What is Atrial Fibrillation? Symptoms, Causes, And Risk Factors

  • Atrial fibrillation (AFib of AF) is a cardiac condition characterized by a chaotic and rapid heart rate, also known as arrhythmia.

  • Symptoms of this condition include heart palpitations, chest pain, and shortness of breath.

  • Atrial fibrillation can be caused by factors such as sleep disorders, lung diseases, thyroid conditions, and genetics.

  • Atrial fibrillation treatments involve blood-thinning medications, rhythm control drugs, and agents to decrease heart rate.

Atrial fibrillation (AFib or AF) can happen to anyone. However, it’s more likely to occur in those with existing heart conditions or other underlying health problems.

This is a dangerous condition as it can result in heart failure if the organ can’t pump blood efficiently. There’s also a heightened risk of strokes due to the formation of blood clots.

If you suspect you are experiencing atrial fibrillation, you must see a healthcare provider right away, as it could lead to serious complications.

In this article, we will explain what atrial fibrillation is, the symptoms patients may experience, and the common causes of this condition.

Atrial Fibrillation Explained

Atrial fibrillation is an irregular heart rhythm — called arrhythmia — that starts in the organ's upper chambers, known as the atria.

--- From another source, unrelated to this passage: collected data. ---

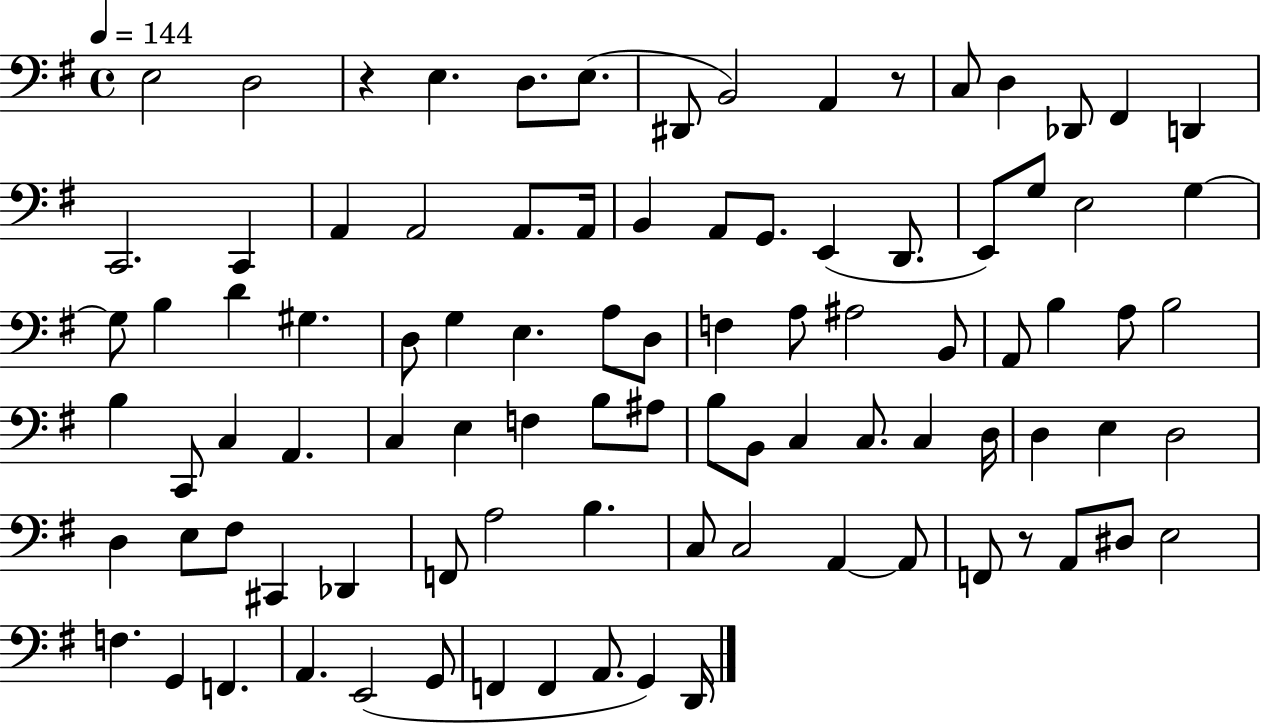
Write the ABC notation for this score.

X:1
T:Untitled
M:4/4
L:1/4
K:G
E,2 D,2 z E, D,/2 E,/2 ^D,,/2 B,,2 A,, z/2 C,/2 D, _D,,/2 ^F,, D,, C,,2 C,, A,, A,,2 A,,/2 A,,/4 B,, A,,/2 G,,/2 E,, D,,/2 E,,/2 G,/2 E,2 G, G,/2 B, D ^G, D,/2 G, E, A,/2 D,/2 F, A,/2 ^A,2 B,,/2 A,,/2 B, A,/2 B,2 B, C,,/2 C, A,, C, E, F, B,/2 ^A,/2 B,/2 B,,/2 C, C,/2 C, D,/4 D, E, D,2 D, E,/2 ^F,/2 ^C,, _D,, F,,/2 A,2 B, C,/2 C,2 A,, A,,/2 F,,/2 z/2 A,,/2 ^D,/2 E,2 F, G,, F,, A,, E,,2 G,,/2 F,, F,, A,,/2 G,, D,,/4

In this condition, the atria beat out of sync with the ventricles, which are the heart’s lower chambers.

AFib disrupts the heart's normal electrical impulse cycle, causing a rapid and irregular heart rate in those with the condition.

This disruption can also hinder the flow of blood from the atria to the heart's ventricles.

There are three types of AFib, namely:

  • Paroxysmal atrial fibrillation (PAP): This irregular heartbeat typically resolves within a week without any treatment, with symptoms that are intermittent and last only a few minutes but can recur frequently.

  • Persistent atrial fibrillation (PersAfib): Persistent AFib lasts more than one week and requires treatment as the heart’s rhythm doesn’t reset on its own.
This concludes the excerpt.